1.1 Description des processus de l'entreprise


Cette partie présente la façon de rédiger les graphes relatifs à chacun des 3 niveaux
de rédaction. Pour cela, des règles de structuration précises ont pour objectif d'aider
le rédacteur à identifier le niveau de détail dans lequel il se situe. Ces règles
reposent sur la prise en compte des facteurs humains (rôles, entités, acteurs),
temporels (chronologie dans la réalisation des tâches) et matériels (outils et
documents), qui permettent de qualifier le niveau de rédaction par rapport à la
pyramide Qualigram.
Les processus d'entreprise se situent au premier niveau de la pyramide Qualigram.
Ils permettent de définir quels sont les grands objectifs auxquels l'entreprise doit
satisfaire (réponse à la question : Pourquoi ?, Vers quoi ?). Pour décrire des
processus, il existe plusieurs représentations, qui correspondent chacune à un
niveau de détail plus ou moins important et à des objectifs précis (il est illusoire de
penser concevoir un seul graphe lisible tout en exprimant les différentes vues
nécessaires à la compréhension d'un processus).
A ce niveau de détail, il est fondamental de visualiser les relations (interactions - cf.
ISO 9000 2000) entre les processus de l'entreprise, et les entités externes. C'est la
formalisation des interfaces externes aux processus (échanges de ressources) qui
est privilégiée et non la représentation des rôles, services ou fonctions qui réalisent
ces processus (ils seront détaillés au niveau des procédures d'organisation).
Enfin, ce premier niveau est stable à moyen ou long terme. Il représente la partie
invariante de l'organisation et à ce titre, il ne doit pas mentionner les outils (matériel
ou document) qui peuvent, eux, changer et évoluer très rapidement et plus souvent.
Les règles de structuration pour la rédaction d'un niveau 1 sont donc :
 pas de rôle interne,
 pas de moyen,
 pas de chronologie pour les processus.
Lorsque ces trois conditions sont réunies, le rédacteur n'a aucun doute quant au
niveau de rédaction qu'il doit choisir. Toutefois, il existe plusieurs types de graphes
qui peuvent être décrits au niveau 1 de rédaction.

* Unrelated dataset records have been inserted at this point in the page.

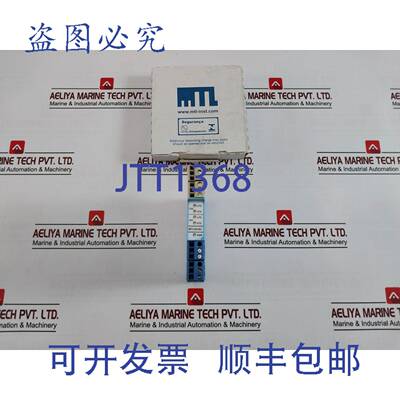 供应测量技术 MTL5516C 2 通道接近探测器接口 20–35VDC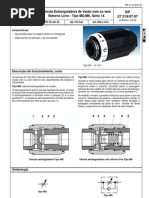 Válvula Estranguladora de Vazão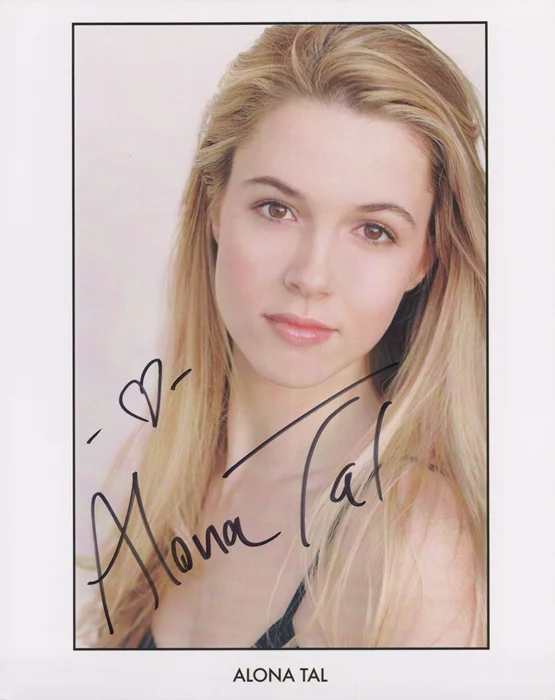 Alona Tal autograph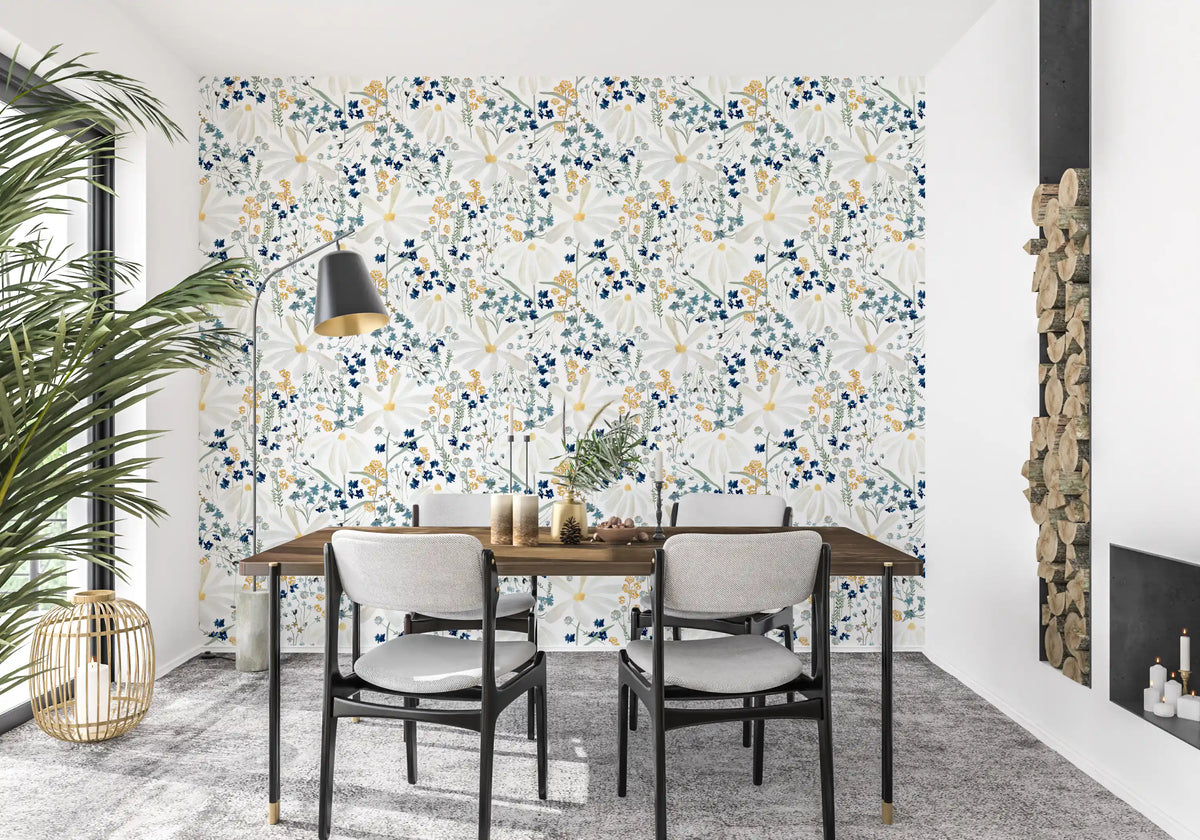 Nottingham Daisies Wallpaper⁠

Le portail de l'entreprise
La cartographie(figure 1.1) représente la porte d'entrée du système de management
qualité de l'entreprise. Elle permet notamment d'avoir accès à la cartographie
macroscopique des processus (partie gris foncé), mais aussi aux autres éléments qui
définissent le fonctionnement de l'entreprise et son organisation (organigrammes,
fiches de fonctions, engagement, présentation, objectifs généraux).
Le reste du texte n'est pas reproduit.